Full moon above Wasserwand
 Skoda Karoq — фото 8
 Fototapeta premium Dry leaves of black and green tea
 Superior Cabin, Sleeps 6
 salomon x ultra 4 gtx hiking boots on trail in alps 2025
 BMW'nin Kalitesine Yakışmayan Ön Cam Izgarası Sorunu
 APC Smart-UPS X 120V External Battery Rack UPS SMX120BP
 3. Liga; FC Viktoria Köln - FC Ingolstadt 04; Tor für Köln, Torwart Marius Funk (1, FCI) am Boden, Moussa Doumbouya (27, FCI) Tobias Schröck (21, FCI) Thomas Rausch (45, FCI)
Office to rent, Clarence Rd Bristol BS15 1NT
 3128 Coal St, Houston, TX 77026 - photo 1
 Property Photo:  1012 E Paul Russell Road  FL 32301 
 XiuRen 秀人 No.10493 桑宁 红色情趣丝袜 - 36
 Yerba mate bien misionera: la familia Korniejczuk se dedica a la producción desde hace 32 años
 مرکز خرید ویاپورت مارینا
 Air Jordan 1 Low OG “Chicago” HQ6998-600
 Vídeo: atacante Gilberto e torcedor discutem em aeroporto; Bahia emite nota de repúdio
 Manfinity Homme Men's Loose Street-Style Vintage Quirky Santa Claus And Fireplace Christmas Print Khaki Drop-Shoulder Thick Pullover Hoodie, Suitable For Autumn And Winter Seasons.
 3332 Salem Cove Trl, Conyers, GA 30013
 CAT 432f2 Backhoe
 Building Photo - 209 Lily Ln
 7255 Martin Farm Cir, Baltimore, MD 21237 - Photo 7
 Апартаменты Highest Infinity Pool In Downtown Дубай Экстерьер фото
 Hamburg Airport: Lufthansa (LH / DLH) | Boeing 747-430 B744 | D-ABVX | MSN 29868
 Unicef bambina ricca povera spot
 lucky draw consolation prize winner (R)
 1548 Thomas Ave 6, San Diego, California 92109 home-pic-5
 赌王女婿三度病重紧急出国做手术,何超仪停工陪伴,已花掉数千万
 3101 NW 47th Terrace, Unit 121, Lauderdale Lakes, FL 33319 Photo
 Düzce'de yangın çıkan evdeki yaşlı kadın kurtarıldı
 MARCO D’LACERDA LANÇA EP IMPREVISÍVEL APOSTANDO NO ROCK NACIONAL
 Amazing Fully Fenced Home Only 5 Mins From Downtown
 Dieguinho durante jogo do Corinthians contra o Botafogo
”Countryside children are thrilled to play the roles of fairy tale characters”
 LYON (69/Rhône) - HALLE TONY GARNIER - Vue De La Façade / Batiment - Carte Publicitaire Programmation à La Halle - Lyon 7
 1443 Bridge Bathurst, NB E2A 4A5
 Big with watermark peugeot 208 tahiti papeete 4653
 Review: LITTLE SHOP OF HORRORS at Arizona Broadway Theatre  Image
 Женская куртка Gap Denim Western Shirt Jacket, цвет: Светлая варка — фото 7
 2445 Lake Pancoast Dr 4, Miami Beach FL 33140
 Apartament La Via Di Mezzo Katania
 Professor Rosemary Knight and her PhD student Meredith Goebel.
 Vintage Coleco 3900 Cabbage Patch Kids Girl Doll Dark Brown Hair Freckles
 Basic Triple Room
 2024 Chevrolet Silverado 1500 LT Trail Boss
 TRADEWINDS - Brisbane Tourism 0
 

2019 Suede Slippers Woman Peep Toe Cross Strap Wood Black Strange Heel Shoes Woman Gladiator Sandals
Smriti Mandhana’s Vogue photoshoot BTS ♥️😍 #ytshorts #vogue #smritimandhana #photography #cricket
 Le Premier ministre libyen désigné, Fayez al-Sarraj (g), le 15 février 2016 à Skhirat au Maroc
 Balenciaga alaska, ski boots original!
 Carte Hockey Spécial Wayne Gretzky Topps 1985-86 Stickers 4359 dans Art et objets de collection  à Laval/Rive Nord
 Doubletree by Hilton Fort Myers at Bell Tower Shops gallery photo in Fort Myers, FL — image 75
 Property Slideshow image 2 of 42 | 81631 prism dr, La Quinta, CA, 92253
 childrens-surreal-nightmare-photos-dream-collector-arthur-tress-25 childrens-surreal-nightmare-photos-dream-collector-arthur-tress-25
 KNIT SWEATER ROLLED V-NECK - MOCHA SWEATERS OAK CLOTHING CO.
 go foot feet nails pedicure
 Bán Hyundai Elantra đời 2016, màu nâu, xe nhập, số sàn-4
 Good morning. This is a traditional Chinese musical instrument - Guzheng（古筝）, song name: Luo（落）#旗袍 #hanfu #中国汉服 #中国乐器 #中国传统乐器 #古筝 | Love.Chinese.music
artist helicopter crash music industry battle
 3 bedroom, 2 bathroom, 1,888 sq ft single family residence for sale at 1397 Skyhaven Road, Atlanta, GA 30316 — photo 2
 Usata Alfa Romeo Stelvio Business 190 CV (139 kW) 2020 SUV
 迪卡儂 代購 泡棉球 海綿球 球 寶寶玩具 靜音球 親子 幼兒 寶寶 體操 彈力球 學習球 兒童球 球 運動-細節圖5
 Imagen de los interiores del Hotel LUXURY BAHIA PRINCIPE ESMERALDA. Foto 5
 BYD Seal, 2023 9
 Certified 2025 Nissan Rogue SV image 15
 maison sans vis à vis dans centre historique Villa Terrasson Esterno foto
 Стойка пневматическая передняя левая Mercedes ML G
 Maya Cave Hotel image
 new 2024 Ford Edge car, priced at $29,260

^^^^

■ **INSTRUCTIONS FOR THE TASK**:
Once you find the line with "Apartament La Via Di Mezzo Katania" in the entries above, output it and each line after it up to and including the line with "2019 Suede Slippers", and nothing else.

■ **ANSWER BOX**:
 Apartament La Via Di Mezzo Katania
 Professor Rosemary Knight and her PhD student Meredith Goebel.
 Vintage Coleco 3900 Cabbage Patch Kids Girl Doll Dark Brown Hair Freckles
 Basic Triple Room
 2024 Chevrolet Silverado 1500 LT Trail Boss
 TRADEWINDS - Brisbane Tourism 0
 

2019 Suede Slippers Woman Peep Toe Cross Strap Wood Black Strange Heel Shoes Woman Gladiator Sandals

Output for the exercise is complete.